映画「あん」を鑑賞して

コロニーとかかわりのあるハンセン病というテーマ、コロニーのある東村山を舞台とする映画「あん」を営業部のSさんが鑑賞し感想をアップしてくれました


心に傷を持つ愛想なしの雇われどら焼き屋店主と、餡(あん)づくり名人が織り成す物語。それが映画「あん」。

舞台は我らが東村山。どら焼き屋は久米川が所在。映画に度々映る美しい自然に、ここ久米川?とスクリーンを凝視するほどの美しさ。黄色の電車も良かった。

どら焼き屋店主を永瀬正敏さん、餡づくり名人徳江(とくえ)さんを樹木希林さんが演じる。樹木希林さんの演技は正にプロフェッショナル。心が揺さぶられた。日本アカデミー賞、最優秀主演女優賞は決まりかと。第三の人物である中学生を樹木希林さんの実のお孫さんが演じている。自然体で天衣無縫。彼女がこれからどんな役者さんになるか楽しみだ。

映画の詳細に触れるつもりはないが、時江さんはご近所さんでお客様でもある全生園さんの療養所に暮らしている。後半、話はハンセン病が軸になる。怒られるかもしれないが、重いテーマをどのように表現するのか興味はあった。

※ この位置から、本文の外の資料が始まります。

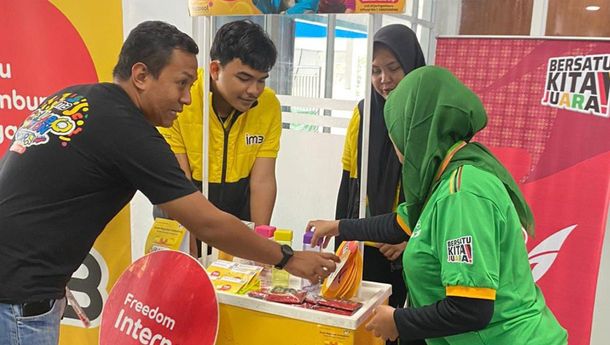 Indosat Sukses Hadirkan Pengalaman Digital Selama PON XXI Aceh-Sumut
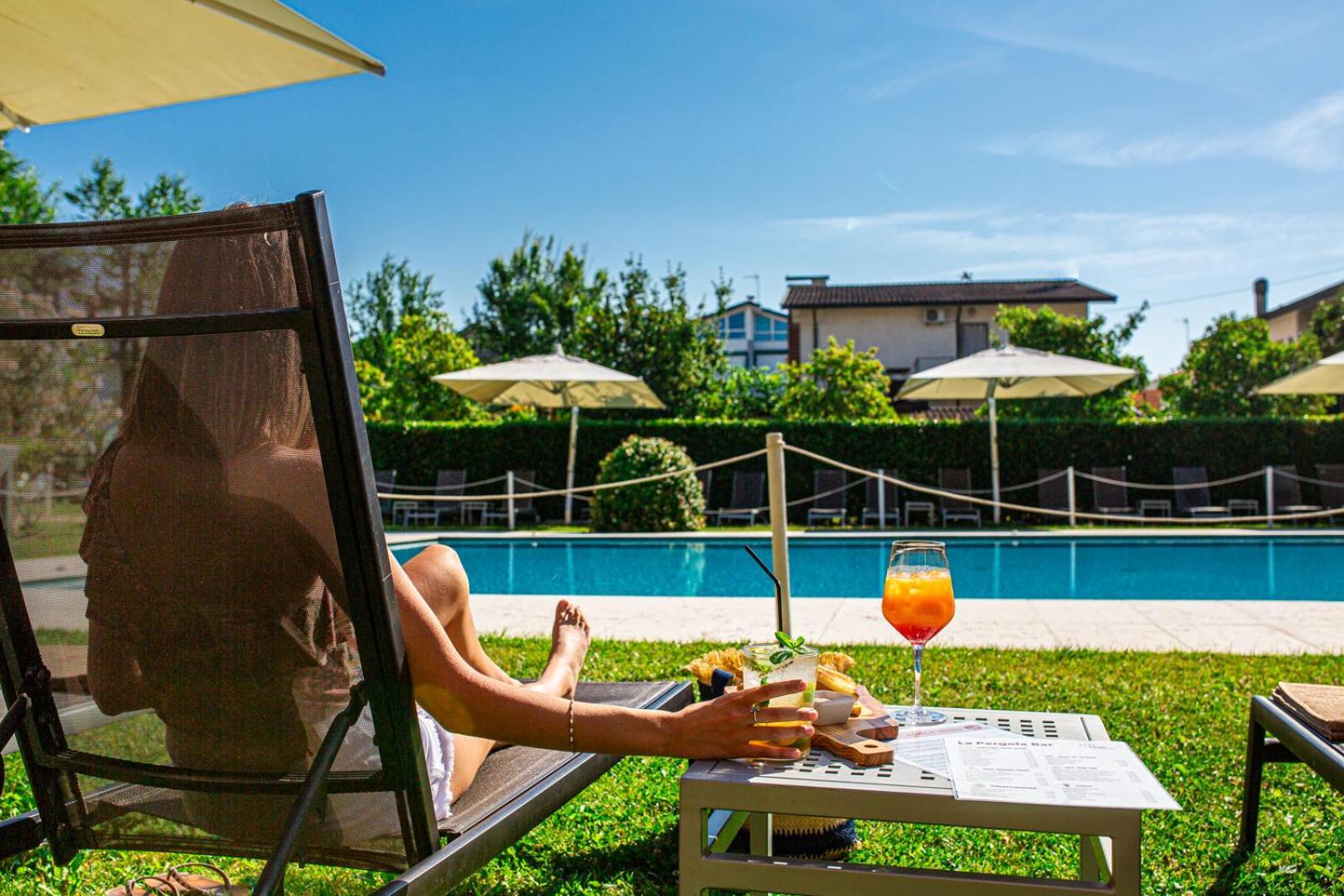 Hotel La Pergola Lignano Sabbiadoro Eksteriør bilde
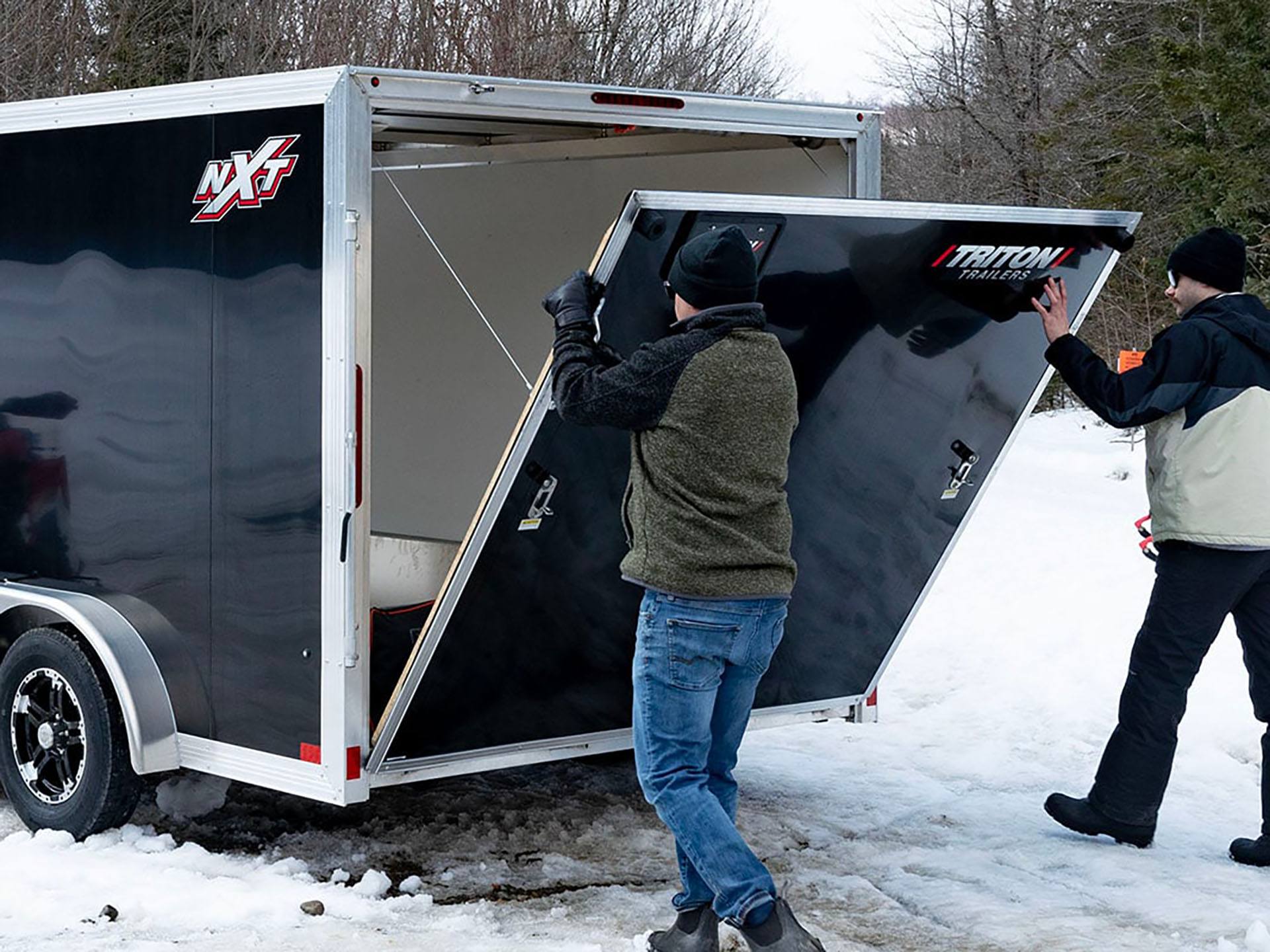 2024 Triton Trailers NXT Series Trailers 7 ft. Wide - 16 ft. Long (Ramp) in Calmar, Iowa - Photo 2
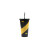 VASO 700ML C/PAJITA Peñarol Licencias 023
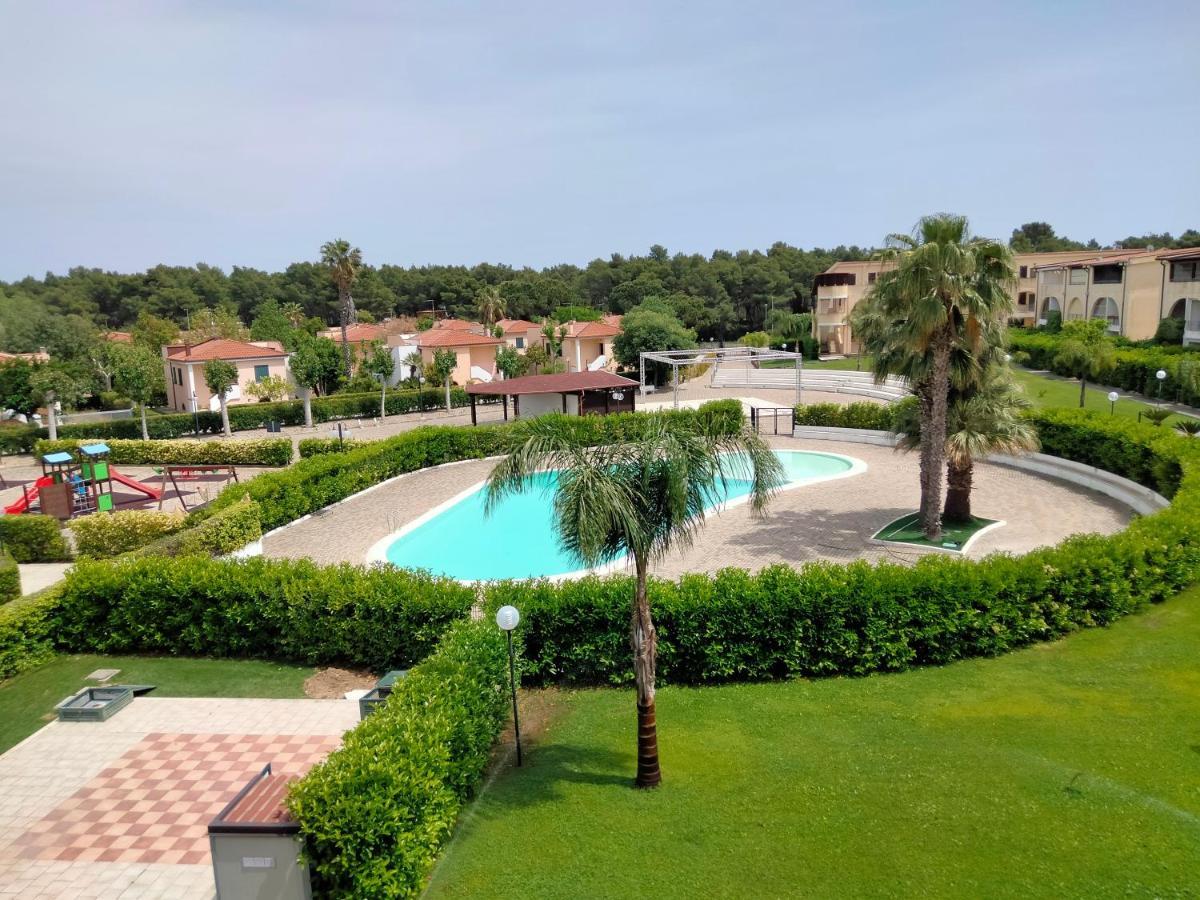 Residence San Bull Metaponto Esterno foto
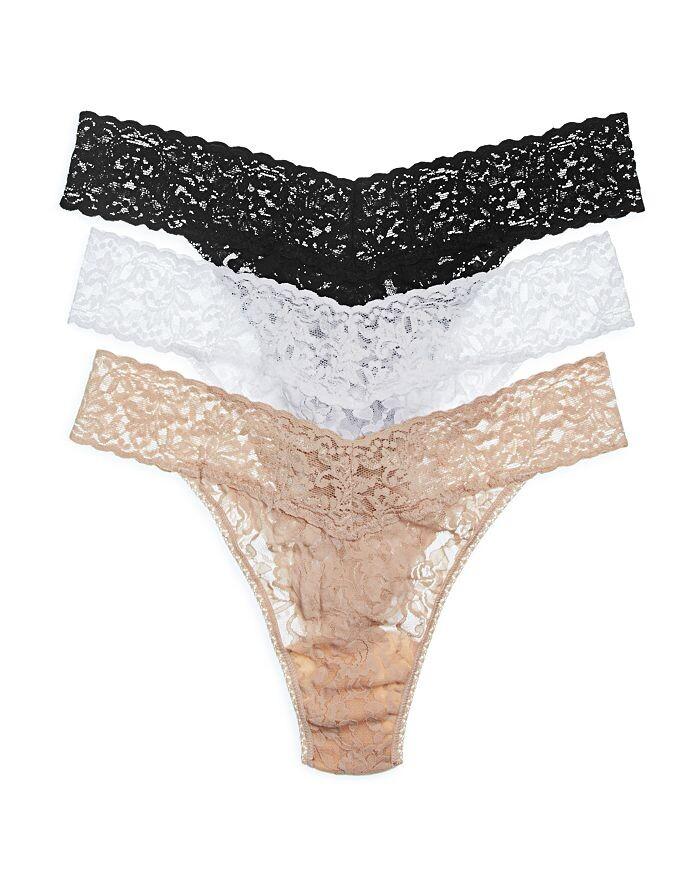 Трусики с оригинальной посадкой, комплект из 3 шт. Hanky Panky
Трусики с оригинальной посадкой, комплект из 3 шт. Hanky Panky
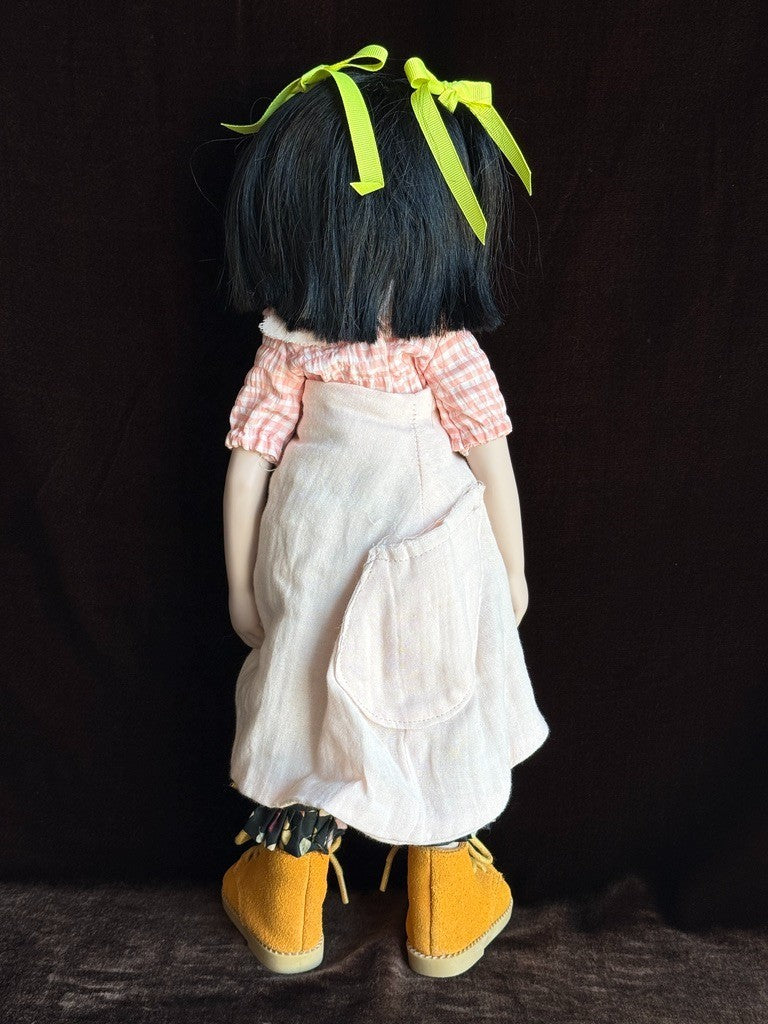 Rare Lifelike Zwergnase 17.5” Vinyl Suri Doll 2022 LE 25 with Bag and Tag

観賞の感想を述べさせていただくと、淡々に話は進行していく。ホントたんたんに静かに。それでいて心に深く鮮やかに刻まれる。徳江さんが語る「生きる」という定義は新たな価値観でした。しびれた。

この映画を私は銀座で観た(この作品を勧めていただいたHさんは所沢で観賞)。銀座のマダムたちにはどのように映っただろう?観賞後、多くの人は泣いていた。「どら焼き食べたくなるね」なんて声もきこえた。

上映中、ハンセン病に関する説明はほぼない。多くを語らず静かなる問いかけに映画を観た人はきっと無知はダメだな、時江さんが自然や小豆の声にそうしたように、耳を傾けよう、そして知ろうとおもったに違いない。

良い映画でした。観賞後、外では奄美大島出身のカサリンチュが路上ミニライブをおこなっていた。「銀座も奄美も関係なく歌ってます」そう言っていた。